How to Detect Anomalies in Time Series in Python

Key Insights

Statistical methods like Z-score work for simple anomalies but fail with seasonal patterns—use STL decomposition to separate trend, seasonality, and residuals before detecting outliers
Isolation Forest requires minimal tuning and handles multivariate time series well, while LSTM autoencoders excel at learning complex temporal patterns but need more data and compute
Always validate detection methods against domain expertise and adjust thresholds based on your tolerance for false positives versus missed anomalies

Introduction to Time Series Anomaly Detection

Time series anomaly detection identifies unusual patterns that deviate from expected behavior. These anomalies fall into three categories: point anomalies (single outlier values), contextual anomalies (unusual in specific contexts but not globally), and collective anomalies (sequences of points that together form unusual patterns).

Real-world applications are everywhere. Server monitoring systems detect CPU spikes before failures occur. Fraud detection flags unusual transaction patterns. IoT sensors identify equipment malfunctions before catastrophic breakdowns. The challenge isn’t just finding outliers—it’s finding the right outliers that matter for your use case.

Let’s start by loading and visualizing time series data with anomalies:

import pandas as pd
import numpy as np
import matplotlib.pyplot as plt

# Generate synthetic time series with anomalies
np.random.seed(42)
dates = pd.date_range('2024-01-01', periods=500, freq='H')
normal_data = np.sin(np.arange(500) * 0.1) + np.random.normal(0, 0.1, 500)

# Inject anomalies
data = normal_data.copy()
data[100] = 5  # Point anomaly
data[250:260] = -3  # Collective anomaly
data[400] = 4.5  # Another point anomaly

df = pd.DataFrame({'timestamp': dates, 'value': data})
df.set_index('timestamp', inplace=True)

plt.figure(figsize=(14, 6))
plt.plot(df.index, df['value'], label='Time Series', alpha=0.7)
plt.scatter([df.index[100], df.index[400]], [data[100], data[400]], 
            color='red', s=100, label='Point Anomalies', zorder=5)
plt.scatter(df.index[250:260], data[250:260], 
            color='orange', s=50, label='Collective Anomaly', zorder=5)
plt.legend()
plt.title('Time Series with Anomalies')
plt.show()

Statistical Methods for Anomaly Detection

The Z-score method flags points that deviate significantly from the mean. Calculate the Z-score as (x - μ) / σ where μ is the mean and σ is the standard deviation.
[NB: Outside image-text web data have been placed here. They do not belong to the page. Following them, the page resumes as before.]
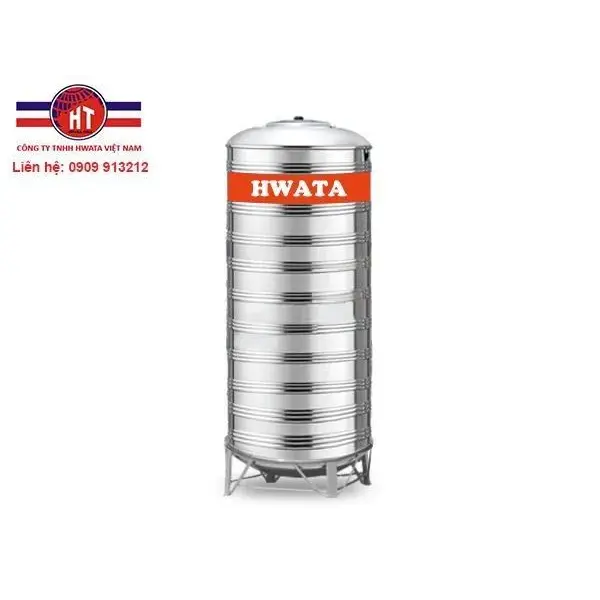 Bồn nước inox Hwata 10000L đứng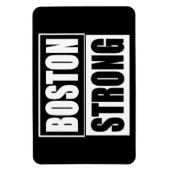 BOSTON STRONG Premium Flexi Magnet Magneet (Verticaal)
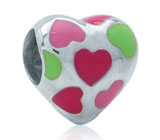 Миниатюра "Сердце" Серебро 925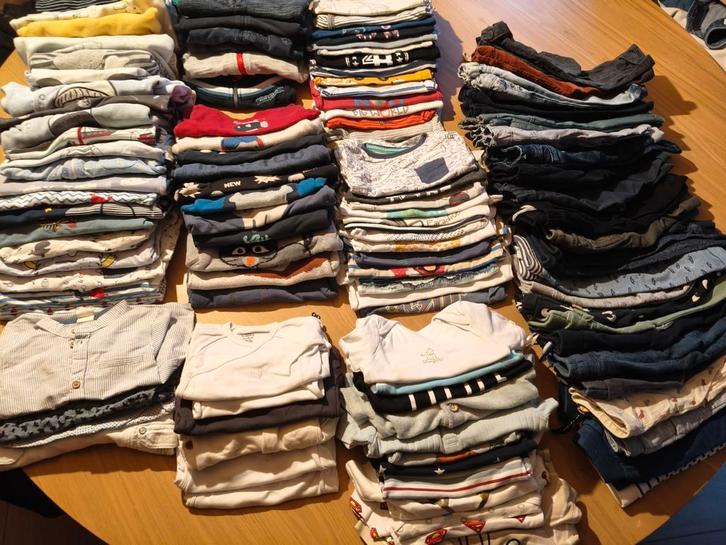 Kleding jongens 68, Kinderen en Baby's, Babykleding | Baby-kledingpakketten, Maat 68, Ophalen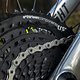 Angetrieben werden unsere Bikes durch die e*thirteen-Kassette mit 9-50er Bandbreite und SRAM X01 Eagle-Schaltwerk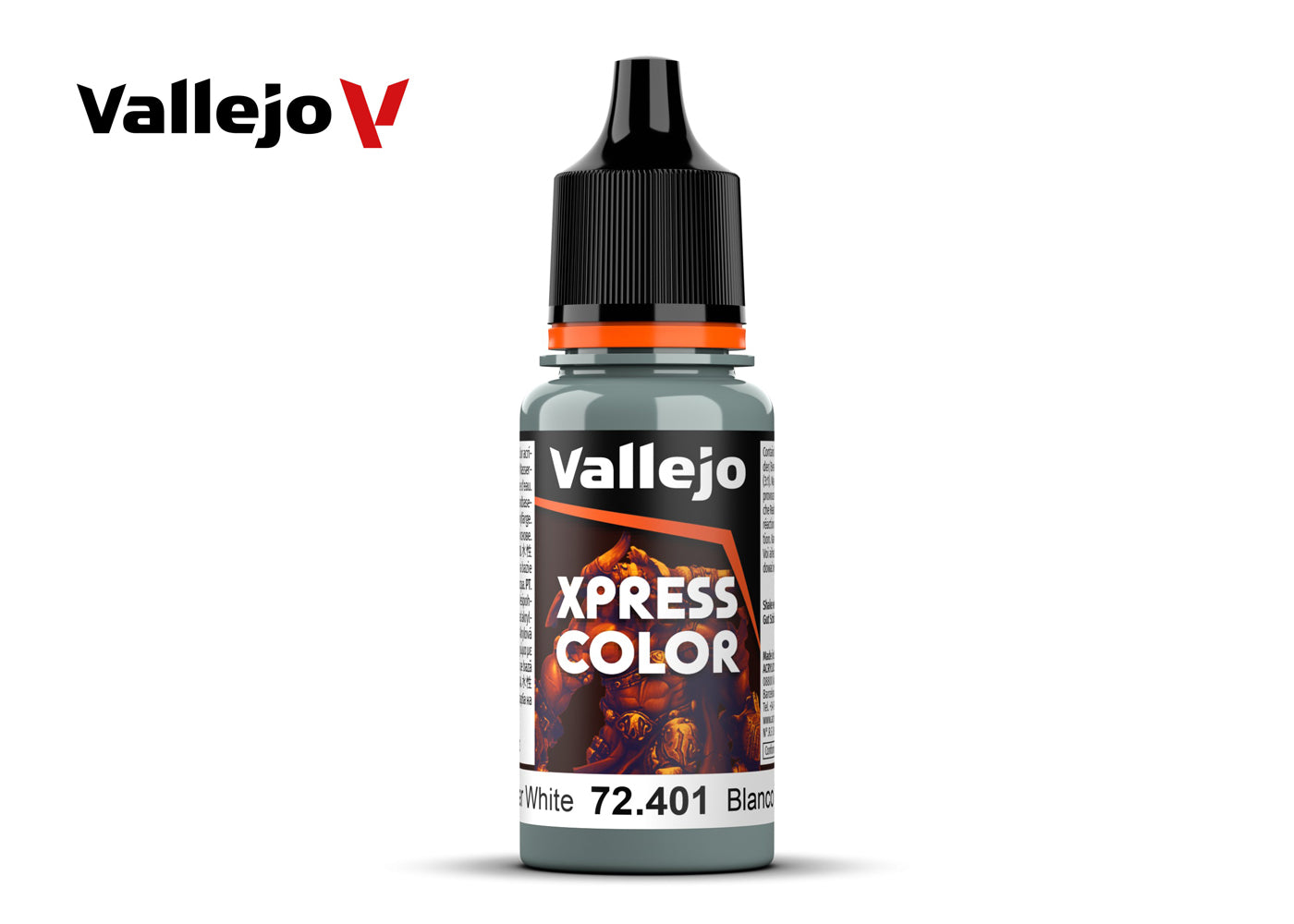 Vallejo Xpress Color 72.401 Templar White | Grognard Games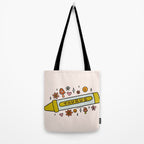 Taurus Crayon Tote Bag Gallery Image 2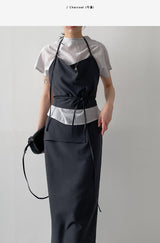 Maji Halterneck Bustier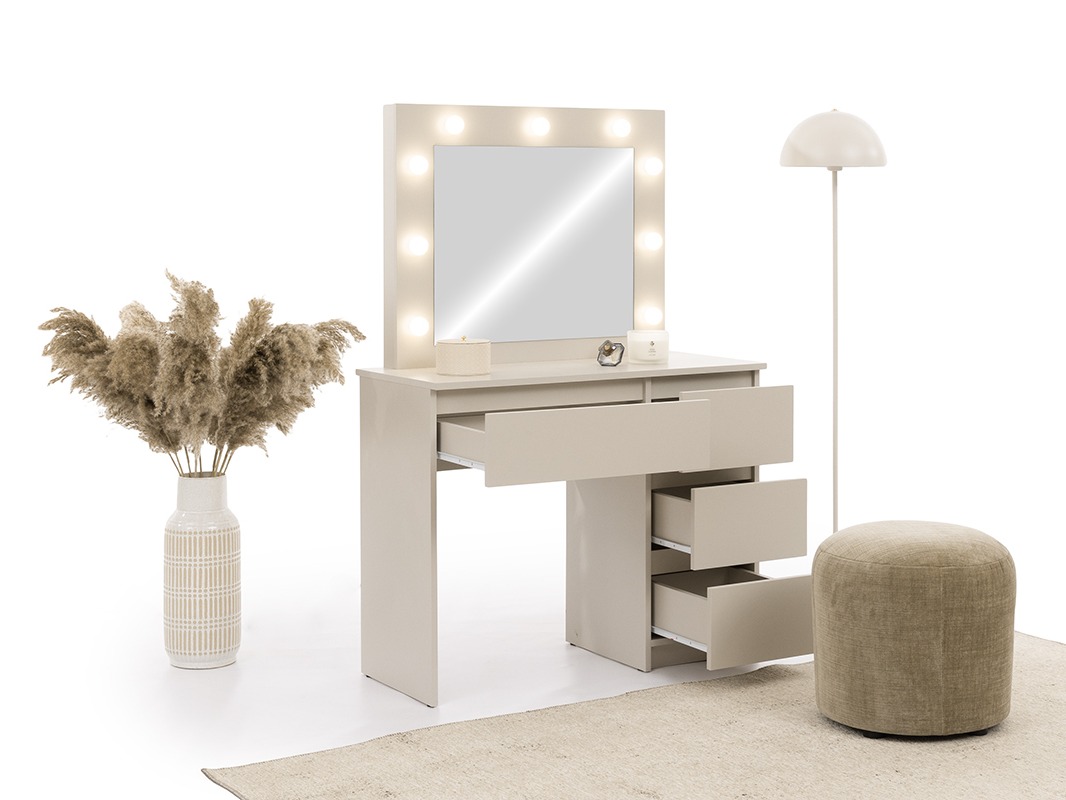 Makiažo staliukas Murrieta 194 (Kašmyras)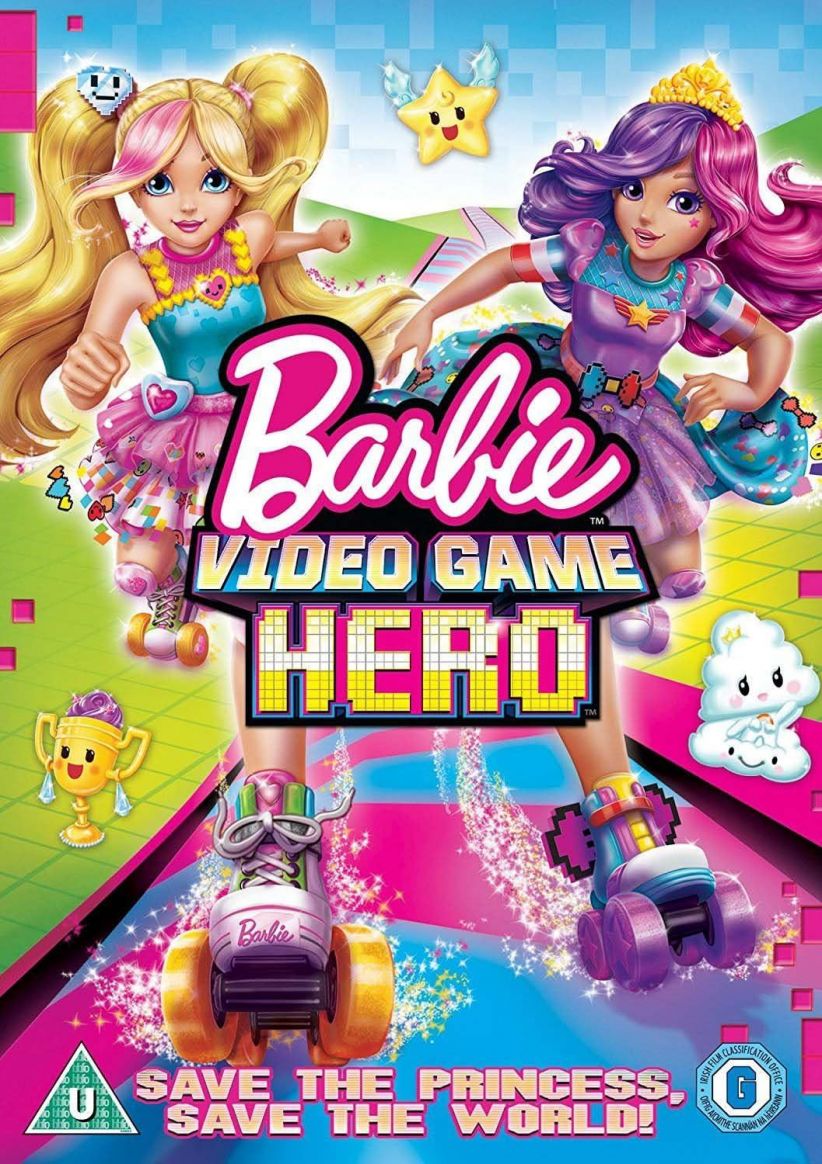 Barbie Video Game Hero on DVD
Values beyond ±3 standard deviations are typically considered anomalies.

This works well for stationary data with Gaussian distributions but fails with trends, seasonality, or non-normal distributions. The modified Z-score uses median absolute deviation (MAD) instead of standard deviation, making it more robust to outliers.

def detect_anomalies_zscore(df, column='value', threshold=3):
    """Detect anomalies using Z-score method."""
    mean = df[column].mean()
    std = df[column].std()
    df['z_score'] = (df[column] - mean) / std
    df['anomaly_zscore'] = np.abs(df['z_score']) > threshold
    return df

# Apply Z-score detection
df_zscore = detect_anomalies_zscore(df.copy())

# Visualize
plt.figure(figsize=(14, 6))
plt.plot(df_zscore.index, df_zscore['value'], label='Time Series', alpha=0.7)
plt.scatter(df_zscore[df_zscore['anomaly_zscore']].index, 
            df_zscore[df_zscore['anomaly_zscore']]['value'],
            color='red', s=100, label='Detected Anomalies', zorder=5)
plt.axhline(y=df_zscore['value'].mean() + 3*df_zscore['value'].std(), 
            color='green', linestyle='--', label='±3σ threshold')
plt.axhline(y=df_zscore['value'].mean() - 3*df_zscore['value'].std(), 
            color='green', linestyle='--')
plt.legend()
plt.title('Z-Score Anomaly Detection')
plt.show()

print(f"Detected {df_zscore['anomaly_zscore'].sum()} anomalies")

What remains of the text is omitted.